OPINION. Comme l'illustre la parution récente d’une tribune de l’inspecteur général des finances honoraire Patrice Cahart dans Le Figaro, l’idée de rouvrir la centrale de Fessenheim fait son chemin. Et pour cause, selon notre lecteur, c’est tout à fait envisageable.

Rouvrir Fessenheim : une évidence économique et écologique


La question de la réouverture des deux centrales d’électricité nucléaire de Fessenheim qui ont été fermées en 2020 pourrait — et devrait — être un thème de la campagne présidentielle qui s’ouvre. Deux raisons militent en faveur de cette réouverture.

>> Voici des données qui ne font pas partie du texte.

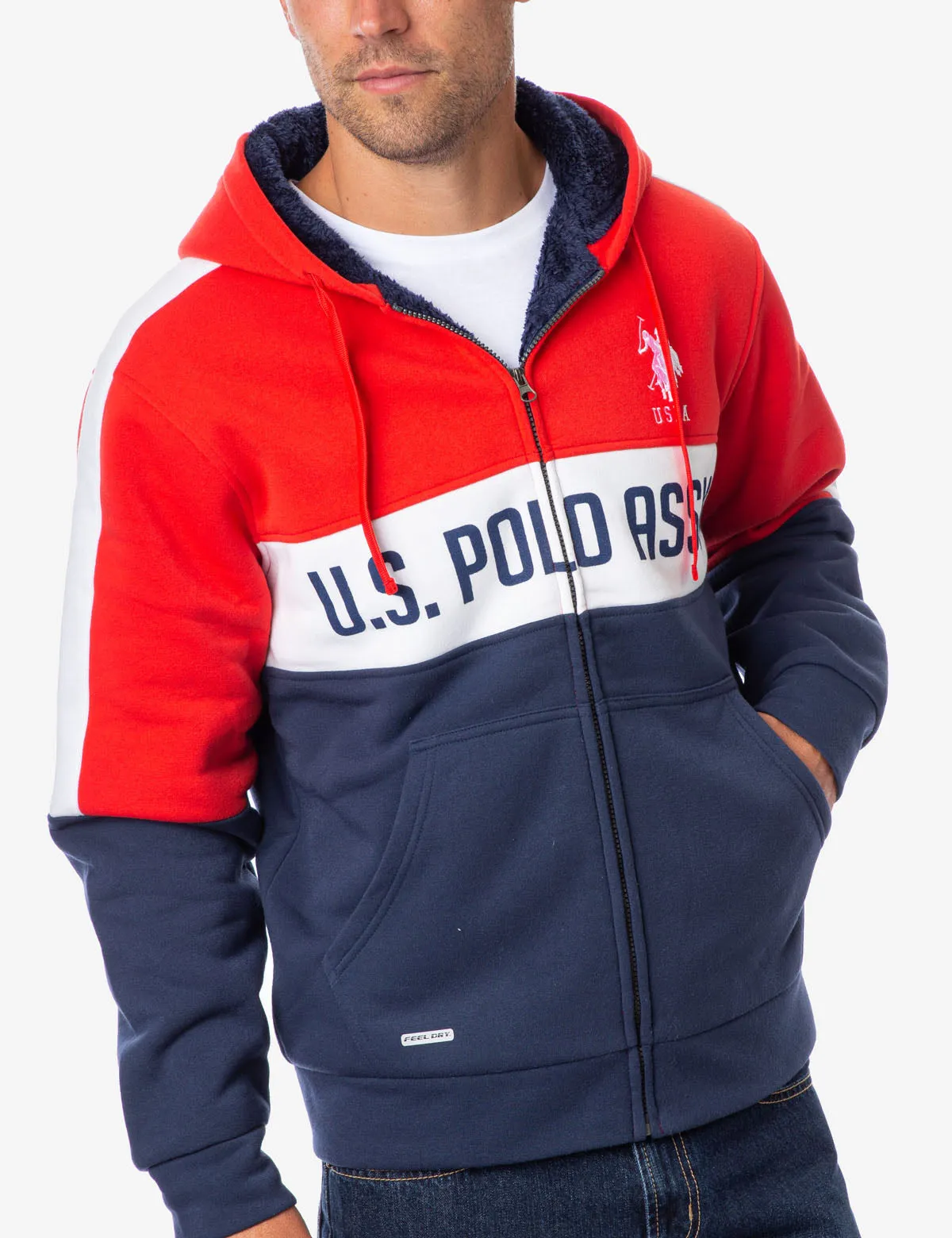 AMERICANA COLORBLOCK LOGO SHERPA HOODIE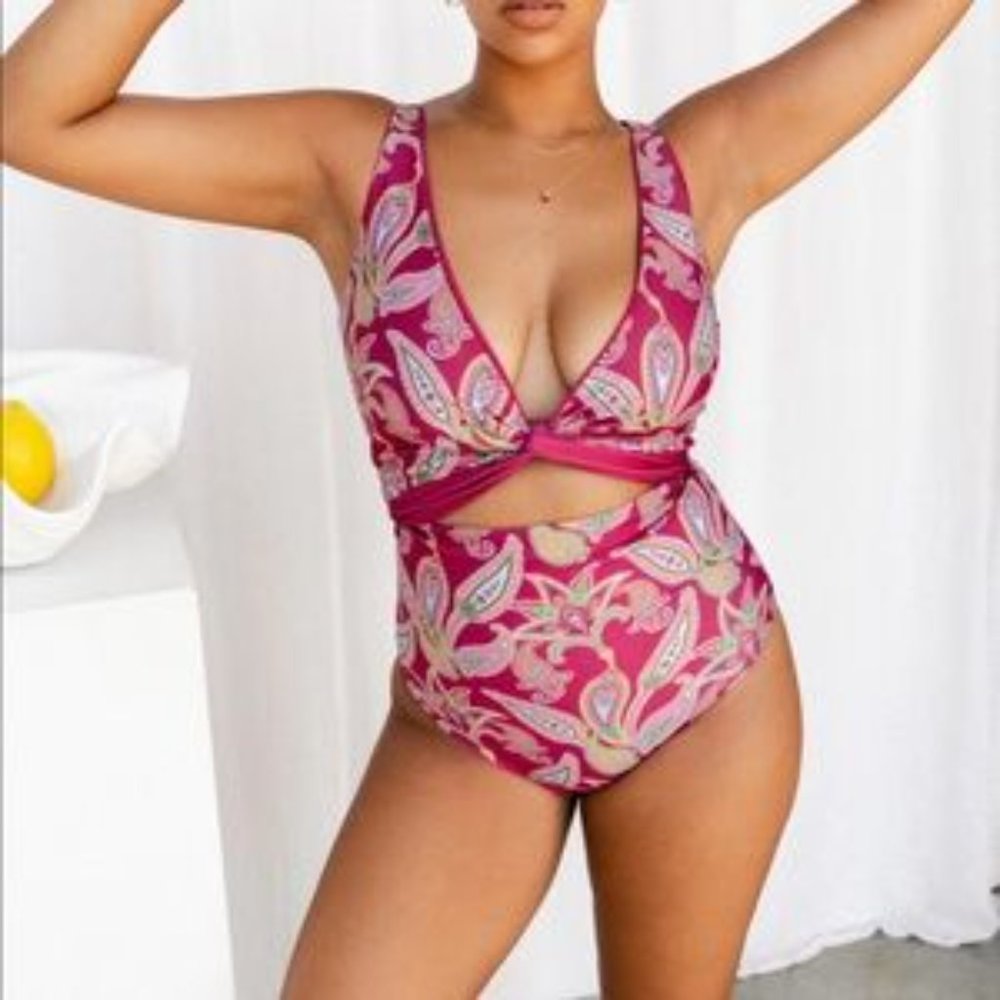 NWT BAIIA SANGRIA REVERSIBLE BIKINI WRAP TOP & BIKINI BOTTOMS (US SZ 8/AU SZ 12)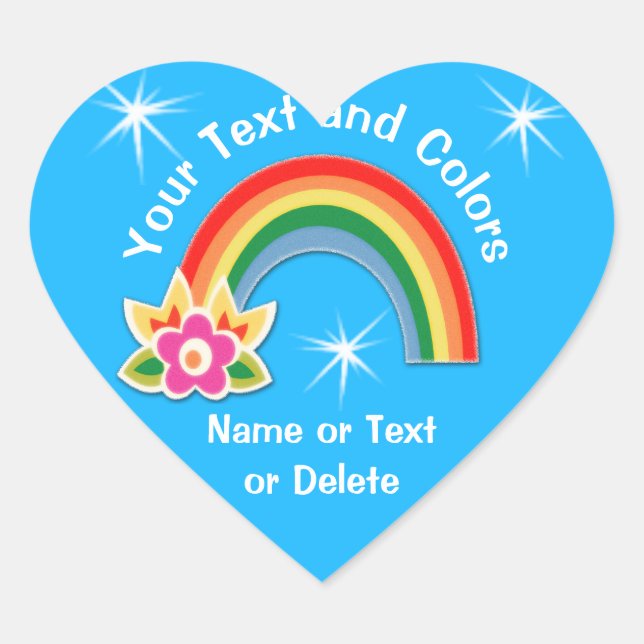 Personalised Rainbow Stickers Your TEXT, COLORS (Front)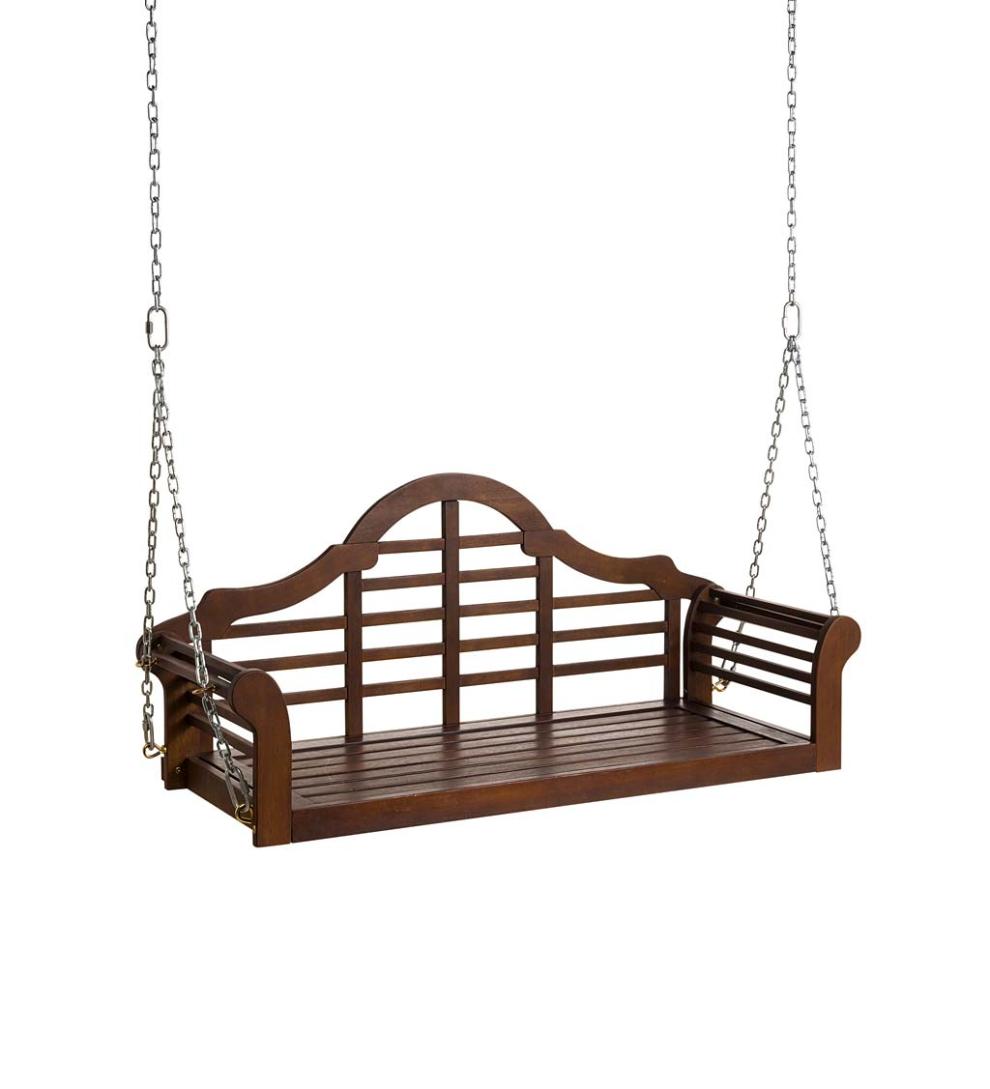 Plow &amp; Hearth Swings &amp; Hammocks | Outdoor Living Lutyens Fsc-Certified Eucalyptus Wood Porch Swing - Black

La première est la crise énergétique qui frappe l’Europe, et (à un moindre degré) la France, et qui menace ou affecte gravement le pouvoir d’achat des ménages et la capacité de production des entreprises. L’énergie (en particulier l’énergie électrique) est partout rare, chère et problématique. Il faut impérativement, et vite, produire davantage d’électricité, autant que possible décarbonée et domestique. La réouverture des centrales fermées de Fessenheim répond parfaitement à cette nécessité. Elles avaient été rénovées. Elles existent, avec un savoir-faire disponible et inutilisé, et tout un environnement d’infrastructure, et peuvent produire sans rejeter de CO2.

La seconde est le changement de pied du président Macron sur le nucléaire. Par conviction ou par opportunisme (peu importe), il était contre, et il l’a prouvé en imposant la fermeture de ces centrales. Mais il est devenu pour. Toutes ses récentes déclarations le montrent. De plus, cause ou effet, l’opinion publique a également changé sur ce thème.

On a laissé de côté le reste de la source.